A Victorian Travellers Guide to Ireland, 1843

Termon MacGrath Castle near Pettigo, Co.Donegal

In 1843, just two years before the outbreak of the Irish Famine, “An Gorta Mór”, Mr and Mrs Samuel Carter Hall published a book about their experiences travelling around Ireland called “Ireland: Its Scenery, Characters &c” in three volumes, filled with factual history, their own observations and anecdotal stories from the people that they met on their journeys around the country. County Donegal featured large in Volume III of their book and in the southern part of the county they visited Donegal Castle, Lough Derg and the ruins of Termon McGrath castle near Pettigo.

In addition they visited the ruins of Kilbarron Castle and gave the following brief description.

“Our own route lay through the southern extremity of the county to Ballyshannon; but we diverged a few miles in order to examine the picturesque and venerable ruin of Kilbarron –an ancient fortalice of the O’Clerys, chiefs of the district”.

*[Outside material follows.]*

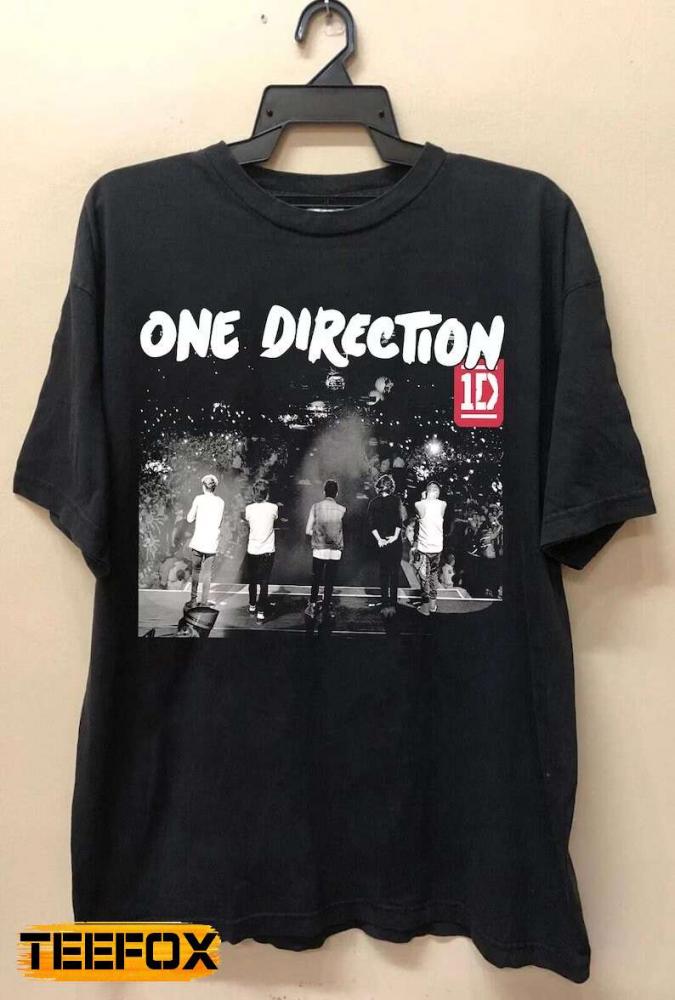 One Direction Tour 2023 Adult Short-Sleeve T-Shirt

Interestingly they also include a lithograph of the ruins of Kilbarron Castle in their book along with many other sketches of places of interest around Ireland. The Kilbarron drawing is the work of J. H. Burgess and engraving by “Jackson”. The engraving shows the ruins to have been more extensive in 1843 with upstanding walls of all three buildings easily identified. This image has been very useful in determining what the castle originally looked like. The original drawing by J.H. Burgess is in the National Library of Ireland in Dublin.

Lithograph of Kilbarron Castle from the original sketch by J. H. Burgess in the travel book called Ireland Its Scenery and Characters by Mr. & Mrs. J.C. Hall 1843.

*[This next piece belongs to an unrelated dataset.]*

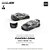 *** PRÉ-ORDER *** PANDEM GR 86 1:64 POP RACE Dark Chrome QTD3 - Imagem 1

Samuel Carter Hall was born in Geneva Barracks, Co Waterford. The son of a London born British army officer. In 1821 he went to London to study law but became a newspaper reporter instead, He married Anna Maria Fielding in 1824 who was born in Dublin in 1800 but went to live in England when she was fifteen years old. She published extensively under her married name Mrs S. C. Hall including “Sketches of an Irish character” in 1829. She also contributed articles to the Irish Penny Journal under her name Anne Marie Hall.

Samuel Carter Hall and Anne Maria Hall

As a footnote it is interesting to note that Kilbarron Castle, Termon McGrath Castle and Donegal Castle were recommended as places of great antiquity and interest for the intrepid tourist of the 1840s! In the years since then, the first two of these although nominally protected by the state have been allowed to fall further into ruin whilst the latter has been partially restored by the Board of Works in more recent years.

A view of Donegal Castle in 1920.
The present view of Donegal Castle which has been extensively restored in the last thirty years. It is now a major tourist destination due to the work undertaken.